Not that many would agree, but all those repeated responses to this thread were well worth it if I was able to help someone out. You're more than welcome man.


----------



## Blix

Hello. I've scanned through this thread (and a few others) but can't see the torque settings for the sub frame. Does anyone have them or can point me towards them. I've also googled but can only find mk1 settings.
Also for the control arms too if poss. or just a complete list of mk2 torques as I'm taking much of the front apart too.

Thanks in advance.


----------



## Blix

Don't worry. I found the torque settings on another forum.


----------



## 911F

A few questions if you dont mind:

Are these bolts the same for a 2013 1.8 TFSi? My wifes car has started developing these clunking noises.

I also have similar noises in my MK1 3.2 - are the bolts the same?

Finally - would you mind sharing the Torque Settings?

Many thanks


----------



## pdk42

Blix said:


> Don't worry. I found the torque settings on another forum.


And the torque settings are.....?


----------



## mickee92

Blix said:


> Don't worry. I found the torque settings on another forum.


Paha Cast off I'm on board :lol:


----------



## Daniels

I have had the subframe ECS kit (subframe bolt kit) fitted and the noise is still there. What bushes did you replace to resolve the knocking?


----------



## Barr_end

Daniels said:


> I have had the subframe ECS kit (subframe bolt kit) fitted and the noise is still there. What bushes did you replace to resolve the knocking?

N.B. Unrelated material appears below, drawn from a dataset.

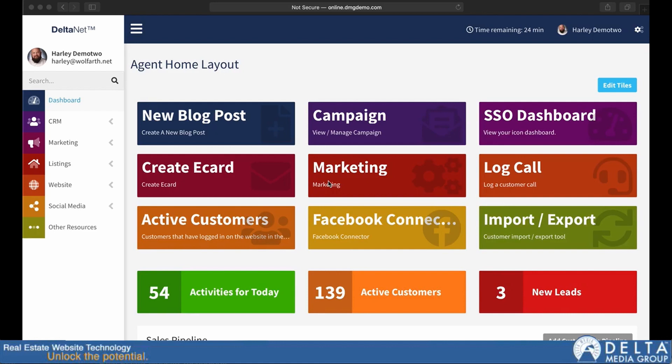Good morning and welcome to another edition of Tech Tuesday presented by Delta Media Group, where at least two of the beams are still intact.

This kit isn't really up to the job and only replaces x2 of the subframe bolts which all need replacing as anyone of those could be causing the noise.


----------



## Daniels

Ah I see. So worth trying all of them. I have had a look but is the only place to get them direct from audi? Do you know the part numbers needed? Assuming the two in that kit are okay. Everything else has been done as well, so this was my last resort regarding the noise. Thanks for the help!


----------



## 911F

Anyone?



911F said:


> A few questions if you dont mind:
> 
> Are these bolts the same for a 2013 1.8 TFSi? My wifes car has started developing these clunking noises.
> 
> I also have similar noises in my MK1 3.2 - are the bolts the same?
> 
> Finally - would you mind sharing the Torque Settings?
> 
> Many thanks


----------



## 911F

Also, does the undertray have to come off to change/tighten the bolts?

Many thanks


----------



## Venom

Did anyone know what the Torque settings are for the bolts on the Subframe?


----------



## SwissJetPilot

Torque values for most of the TT can be found in here. It's a large file so I split it up and posted it for download in four sections.

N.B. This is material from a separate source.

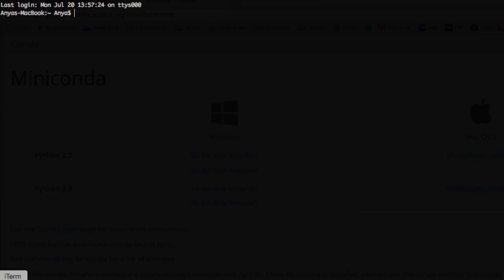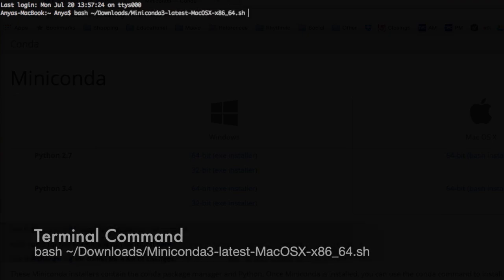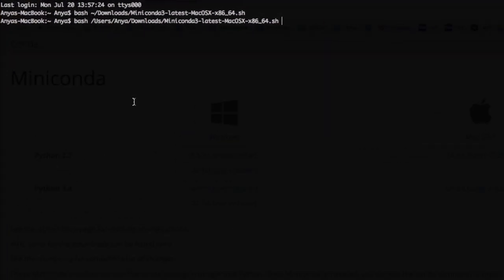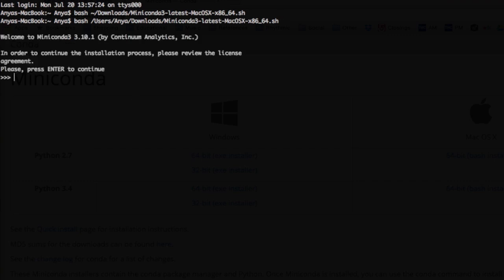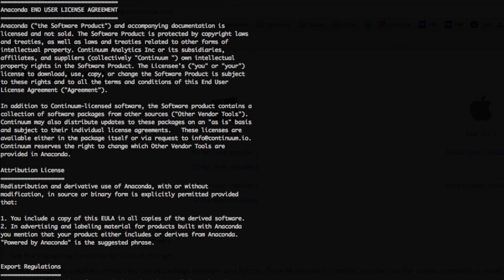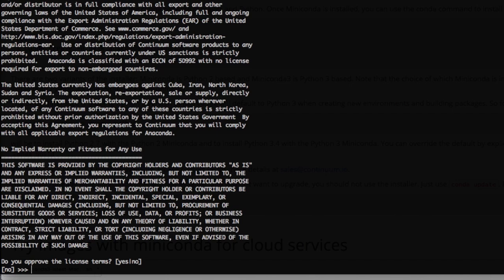Open up your terminal and type bash followed by the installer file path. Instead of typing, you can also drag the file to the terminal to get its file path. Follow the directions that appear, typing yes and pressing enter as necessary.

https://www.ttforum.co.uk/forum/viewtop ... &t=1844165


----------



## jonnyfRS

Hi all,

Sorry to dig up an old thread...

I have a 2019 TT RS - Recently started with exactly the same issues described through this topic

The car is currently with Main Dealer, and they have replaced the top mounts but this has not resolved the issue - (Similar to others have described, hollow knocking noise whilst rolling at low speeds, intermittent how bad it is depending on nothing in particular, also will creak and groan dry steering lock to lock, again not every single time and sometimes worse than others.)

My question is regarding changing the subframe bolts, with this being a 3 month old car, and a MK3 will there be difference in the subframe, the bolts needed, any extra ones to consider etc.?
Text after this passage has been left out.